Beefy Boxes and Bandwidth Generously Provided by pair Networks
No such thing as a small change
 
PerlMonks  

Mapping ACCEPT_LANG, USER_AGENT & GeoIP to Encode's character sets

by cosmicperl (Chaplain)
on Jun 22, 2012 at 02:29 UTC ( [id://977749]=perlquestion: print w/replies, xml ) Need Help??

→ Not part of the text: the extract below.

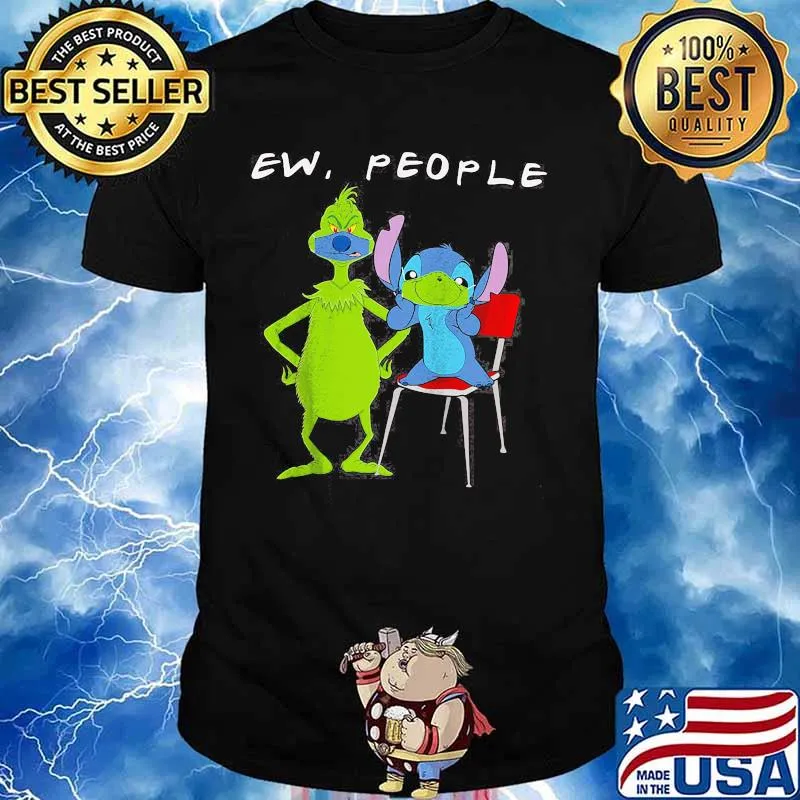 Ew People Friend Grinch And Stitch Mask shirt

cosmicperl has asked for the wisdom of the Perl Monks concerning the following question:

Hi All,
  For a while now it's been my job to deal with user uploads. The users are globally disperse, often have very limited computer skills, and upload text files that were created in various locales.
  It's very challenging to "Do The Right Thing". Encode::Detect helps a lot, and works great a lot of the time. I convert everything to UTF-8, so from then on there aren't any issues... Well, until the user exports and doesn't get how to open the file in UTF-8 mode (depending on what program they are using). But I'm not worried much about exports right not.
  I'm well aware that it doesn't matter where the user is from, as potentially the file they are uploading could be from any locale. But I've found that for our users at least, it's pretty consistent where they are from to what locale their uploads tend to be in. For example, Norwegian users using Mac tend to upload files in MacIcelandic locale, Russian Windows users Windows-1251, etc.
  So what I'm going to do is use HTTP_USER_AGENT, GeoIP and HTTP_ACCEPT_LANGUAGE to give me a best guess at locale for when Encode::Detect gets it wrong. This'll likely be displayed to the user with translation examples so that they can chose the charset that works.
  For the life of me I cannot find on google any examples of people doing this, or any modules for this kind of mapping on CPAN. Am I missing something? Otherwise I may as well create a new CPAN module for this, so that others in my situation may benefit.


Lyle
  • Comment on Mapping ACCEPT_LANG, USER_AGENT & GeoIP to Encode's character sets

Replies are listed 'Best First'.
Re: Mapping ACCEPT_LANG, USER_AGENT & GeoIP to Encode's character sets
by Your Mother (Archbishop) on Jun 22, 2012 at 04:26 UTC

    This might get you started–

    use strictures; use Encode; my $name = shift || die "Give an encoding!\n"; my $input = shift || "Some string..."; my $encoding = find_encoding($name) or die "No encoding found for $name\n"; binmode STDOUT, ":encoding(UTF-8)"; print $encoding->decode($input), $/; __END__
    perl pm-977749 MacIcelandic "OHAI Ƌ"
    OHAI ∆
    
    perl pm-977749 MacRoman  "OHAI Ƌ"
    OHAI ∆
    
    perl pm-977749 UTF-8 "OHAI Ƌ"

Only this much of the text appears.